Producers/DJ’s may come and go but gay icon, model, and mild mannered electronic music creative genius comes but once in a lifetime. So when all three combine it’s moider and here our story starts of one boy and his love of the analogue synth.

Picture the scene if you will, the young golden haired boy wonder Henry Smithson a fresh faced sixteen year old student of Newcastle College’s Music Technology course and part time Resurrection rave-goer sets out to start his first shift at Newcastles legendary nightclub ‘Shindig’.

His apprenticeship starts when the doors to a magical world of house, hip hop and electronic music is opened to him. Record store salesman, guest list ticker, and flyer man jobs came and went until little Riton was given his wings in form of his first DJ residency position. Before long he is snapped up by Mark Rae of Grand Central Records. He zipped up his record bag, and wound up his headphones to take the long well trodden road to Manchester, city of eternal rain and musical dreams. Here his education continued working at the Fat City label/distribution/retail outlet - here the boy turned to man, cementing his desire to make music he signed to Grand Central and like a phoenix from the flames he grew to become Riton (pronounced Reeton, the French slang for Henry). The electroclash wonder that we see before us today.

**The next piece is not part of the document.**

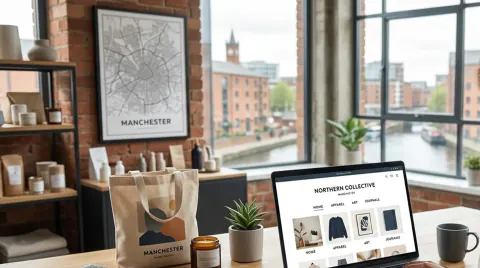 Curated retail display representing a consumer products brand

His first release was ‘Communicated’ featured on the Grand Central compilation, Central Heating 2. At about this time Henry was starting his own label, Switch. Since then he has been busy crafting this journey through sound. After a handful of 12”s forming his own rules outside of the traditional Grand Central path and exhibiting his penchant for twisted beats, Riton dropped his critically acclaimed debut LP ‘Beats Du Jour’ in 2001.

And the crowd went wild, described by The Face as ‘Circling house music, electronica and weird beats, Grand Centrals non-hip hop debut rocks like a submerged volcano’ as ‘Charismatic, a profoundly funky sound from spare bits of house, electronica, jazz R&B, garage and God Knows what else’ by the NME and DJ magazine reckoned ‘Grand Central couldn’t have picked a better album to make history with. Music to make your soul grin’.

He was subsequently hailed by the underground as the ‘Producers Producer counting Laurent Garnier, Trevor Jackson, Richard Dorfmeister and Ewan Pearson (amongst others) as fans.

Outgrowing Manchester Riton continued his journey, this time heading for the golden paved streets of London. Where he grew, and he grew, and he grew to stand before us as Riton, one of Europe’s hottest remixers. Counting in his successes reworks for artists as diverse as The Scissor Sisters, Mylo, Chikinki, The Human League and Run DMC.

Just as we thought things couldn’t get much better Riton met Ben Fat Trucker and formed the Gucci sound system earlier this year and since then their dj partnership has rapidly been gathering momentum as Time out recently observed ‘Everyone’s talking about the Gucci sound system. We love Ben and Henry!

As a Duo they are able to bring much more to their sets. “We quickly realised the freedom it gave us to add other elements to our sets. We use analogue synth live, have various jingles, sound bites as well as our own edits of tracks’. In fact the partner ship is going so well they have moved into production together. It really is enough to make you cry.

They now enjoy a monthly residency at the 333 club in London and have their own nightclub in East London named ‘Druzzi’s Baltimore Rave Club’. Bringing the big guns in to a small cosy atmosphere. Weekly club line ups for this include Headman, Erol Alkan, 2 many DJs, The Rapture, Richard X, Mylo and FC Kahuna..

“We love the idea of putting on Soulwax in a 250 venue on a Thursday night for a Fiver, thats exactly what the Gucci Soundsystem is all about”

And so our story draws to a close with Riton’s brand new and second album Homies & Homos. joined by cohorts Lee Jones (from Howdi) and Luca Santucci (voice of Playgroup‘s ‘Number One‘) Riton has once again pulled it out the bag, the kind of immediate and exciting record that leaves you sitting bolt upright, staring straight ahead with a bit of dribble forming at the corner of your mouth. The songs take their subject matter from the seedier side of city living, lyrics for tracks like Square Eyes, Anger Man and Homeless fit seamlessly with Riton’s angular beats and bleeps and the choice of an all male vocal album adds to the griminess of the affair. Covering several decades in style and concept(the 80s and 90s especially in full effect) there is a cover of The Cure’s ‘Killing an Arab’ which fits cosily with Candy a sleazy affair sounding like the bastard offspring of The Neptunes and Blackstrobe. Create in you mind Ziggy-era Bowie in a seedy foursome with The Pet Shop Boys and Peaches and you’ve got it in a nutshell.

Now who wouldn’t want a piece of that?